For chronic conditions: it's the length of time since the condition was diagnosed, treated, and well controlled.

For resolved conditions: it's the length of time since the proposed insured has completely recovered and is treatment free.

The following cases are examples of when a stability period would start:

  • The client has been diagnosed with diabetes. The stability period starts once the condition is under control and stabilized, as evidenced by lab results, as long as the proposed insured continues with regular follow-ups with the doctor and test results have remained within acceptable limits.
  • The client has had surgery and/or physiotherapy due to injury. The stability period starts after the client has completely recovered from surgery, all treatments have been completed and the client is back to their usual day-to-day activities. This may be several weeks/months after the surgery was performed or treatment has ended.

A new stability period requirement starts when:

  • a new diagnosis is made
  • a new medication or treatment is started or added
  • a medication's dosage or treatment is increased or decreased or
  • a medication or treatment is discontinued

Underwriting decisions

Once all underwriting requirements have been received and reviewed, the underwriter is able to proceed with one of the following decisions:

  • approved as applied for
  • modified
  • postponed or
  • regretfully declined

It's important that you establish the correct expectations prior to submitting the application.
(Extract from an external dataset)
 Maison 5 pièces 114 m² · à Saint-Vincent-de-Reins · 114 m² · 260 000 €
  • Due to the nature of this product, more cases are modified, postponed, or declined than would be for critical illness or life insurance.
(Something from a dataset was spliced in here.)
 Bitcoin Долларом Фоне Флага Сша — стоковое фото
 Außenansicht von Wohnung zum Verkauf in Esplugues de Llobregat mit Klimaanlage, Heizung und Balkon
This is a policy that is approved as applied for.


Due to medical history, some clients although insurable for LTCI coverage, will require a modification to their policy.
A modified decision can mean a change to the maximum lifetime benefit - such as changing to a set number of weeks for benefit.
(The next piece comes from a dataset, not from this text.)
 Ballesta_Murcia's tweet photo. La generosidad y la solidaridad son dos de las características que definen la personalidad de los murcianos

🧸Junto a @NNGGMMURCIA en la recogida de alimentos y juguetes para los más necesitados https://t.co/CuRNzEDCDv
A postponed decision means that we are currently not able to offer coverage to the proposed insured, however, there is possibility of future reconsideration if certain criteria are met. For example: during the course of underwriting we find out that your client recently had a change to his/her medication to obtain better control of their non insulin dependant diabetes. Once the condition has stabilized, it must remain stabilized for an additional 6 months before we can consider offering LTCI coverage.


A declined decision means that the client is uninsurable for LTCI coverage.

The difference between long term care and life insurance underwriting

Life insurance underwriting assesses the risk of premature death and long term care insurance underwriting assesses the risk of becoming dependent on someone else for care. Here are a few example that demonstrate how underwriting for long term care insurance differs from life insurance.

Case specifics

Life insurance considerations

LTC insurance considerations

Case 1:
male, age 40
heart attack at age 35 no symptoms since

High mortality risk since heart attack occurred at a young age; client may be insurable with a substantial rating.

Risk of dependence is much lower than mortality risk; may apply after a 6 month stability period is met

Case 2:
female, age 60
osteoarthritis of the knee awaiting knee replacement

Mortality risk is considered low and the client would be insurable.

Current risk of future dependence is high. May apply 6 months after fully recovered from surgery, completed physical therapy, and returned to all normal activities.

Case 3:
male, age 50
asthma treated with inhaler smoker

Some risk of mortality depending on severity of the asthma. If the asthma is considered to be severe the client will not be insurable.

Respiratory diseases lead to higher risk of dependence, especially for smokers. Would not be eligible to apply for long term care insurance. However, may apply 1 year after quitting smoking.

Case 4:
female, age 71
breast cancer at age 66, 1 positive lymph node at time of diagnosis
no recurrence

A positive lymph node indicates a high mortality risk. Client may not be insurable.

A positive lymph node found at time of diagnosis is considered to be moderate risk for dependence. May apply 36 months after.